But if they came to the shelter they would see another side of homelessness, explained Craft.
Jackie Cooper, 33, and mother of two, was living with her husband and stepfather before moving into the San Fernando Rescue Mission. Most of her husband’s earnings went to child support, so the family lived off the tips he made at the Bicycle Casino and her stepfather’s earnings.
But when Cooper’s alchoholic stepfather didn’t come home one day, the family couldn’t get by. She’s applied for several jobs and is currently waiting for a call back.
When informed of the potential of U.-F.I.S.H. her eyes lit up a bit and her head rose.
‘I would like to do something like that, I used to take data entry classes, but it was hard because of my son,’ Cooper said holding 5-and-a-half month-old Jacob while her daughter, Savana, played nearby.
Her children are one of the 1,009 homeless children in the San Fernando Valley, according to the L.A. Coalition to End Hunger and Homelessness.
She said that she wants to return to a data entry job so that her children won’t live in the shelter for the rest of their lives and to be able to provide them a stable home.
Cooper is among many that Abbasi can help through his vision, both in Los Angeles and abroad. His dedication and drive has the potential of making his vision a reality.’
When Abbasi approached the director of the debate team at CSUN, John Kephart, assistant professor in the communications department about U.-F.I.S.H. he was blown away by the ‘forethought and foresight’ he put into it.
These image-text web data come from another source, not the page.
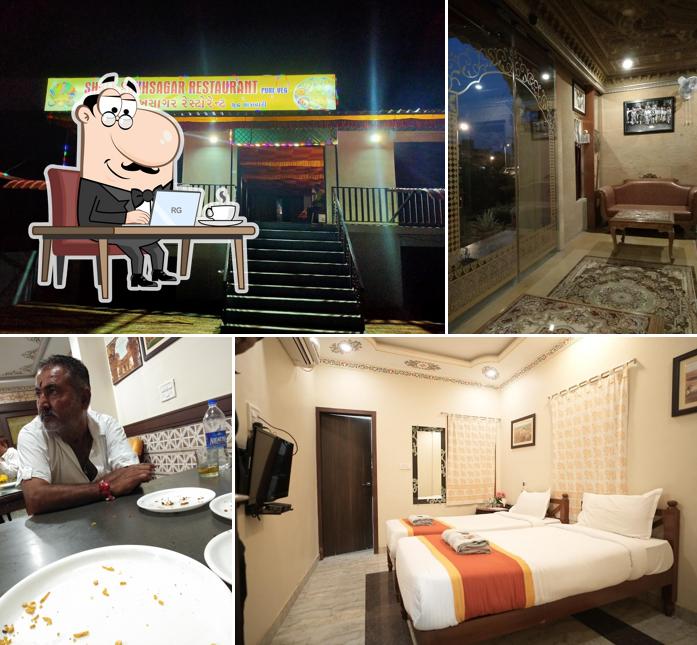 Take a seat at one of the tables at Hotel Yaduraj Heritage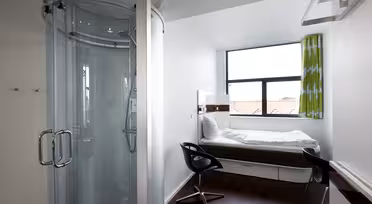 Kompaktes, modernes Hotelzimmer mit einem Einzelbett an einem großen Fenster, einem kleinen Schreibtisch mit schwarzem Stuhl und einer runden Glasduschkabine in einer Ecke. Das Zimmer verfügt über dunklen Holzboden und grün gemusterte Vorhänge.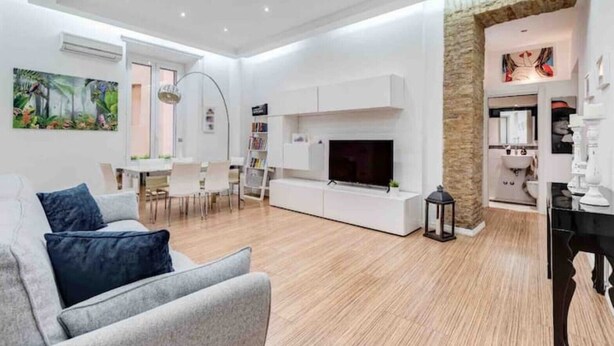 Un salon moderne doté d’un téléviseur à écran plat, d’une cheminée et d’un coin repas avec une table et des chaises.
‘It was not only an idea to help the homeless, but something so specific to meet not only regional needs which would help further
the university’s goal of being regionally focused and nationally recognized, but also a practical productive way to help the homeless population in the valley.’
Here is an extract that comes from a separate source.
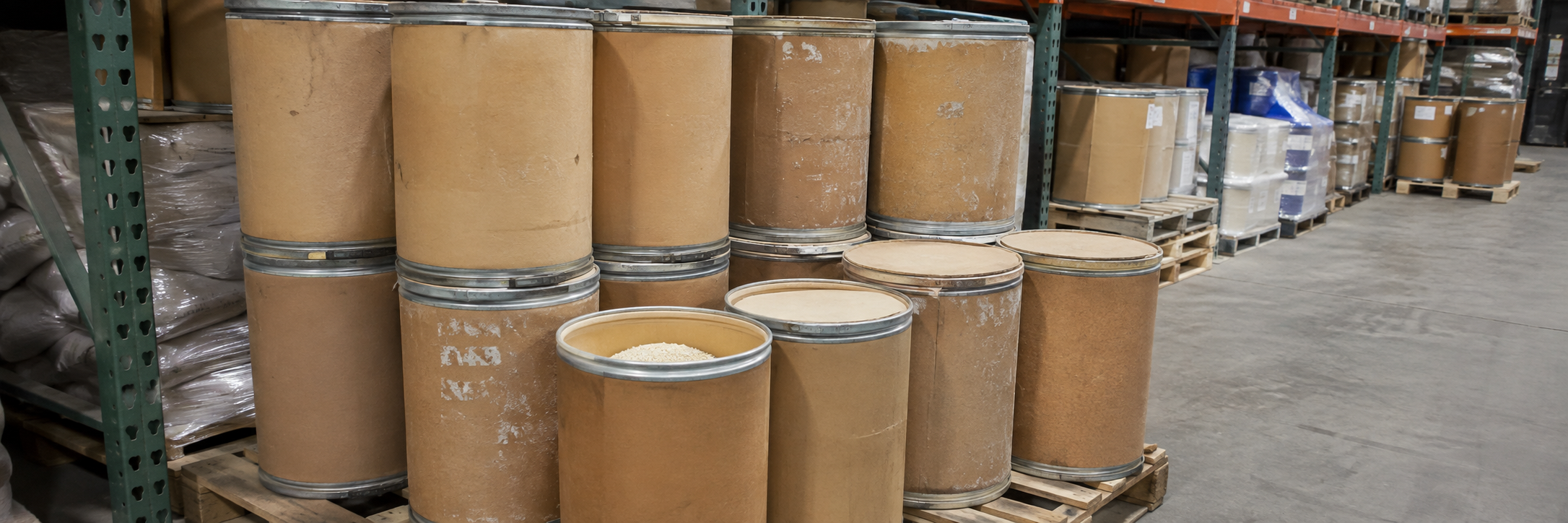 Used fiber drums stacked in a warehouse holding dry industrial goods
Kephart serves as Abbasi’s sounding board. They bounce ideas off each other and work together to write grants.
Recently Abbasi and U-F.I.S.H got the support of Associated Students; he is one step closer to making the program a reality. While support alone might not seem like much, it’s crucial for Abbasi at this point.
He plans on meeting with President Jolene Koester in the following weeks to discuss CSUN’s commitment to U.-F.I.S.H. as well.
‘I think the chances of getting (U.-F.I.S.H.) approved are 99 percent because I haven’t talked to one person, school senator, homeless guy on the street, or random person who thinks this is a terrible idea.’
In a year he sees 200 students taking the courses with a 55 percent success rate, which comes out to 110 people being hired and that’s his ‘conservative’ guess. His ultimate goal is to have U.-F.I.S.H. apply to every California State University as well as any other university.
‘(We’ll) be handing them an opportunity on a silver platter but this isn’t welfare. We’re not giving you a check for nothing they’ll have to work for this,’ said Abbasi.’
‘Like you heard during the elections about reaching across the aisle, I feel like this can reach across the aisle.’
Homelessness in the San Fernando Valley
– San Fernando Valley has 2025 chronically homeless individuals who make up 31.6% of the homeless population.
– 6411 individuals in San Fernando Valley are homeless at a point in time. The homeless population in San Fernando Valley makes up 9.3% of the total homeless population in Los Angeles County
– 82.7% of San Fernando Valley’s homeless are unsheltered.
– The ratio of homeless families to homeless individuals is 9.5 families for every 100.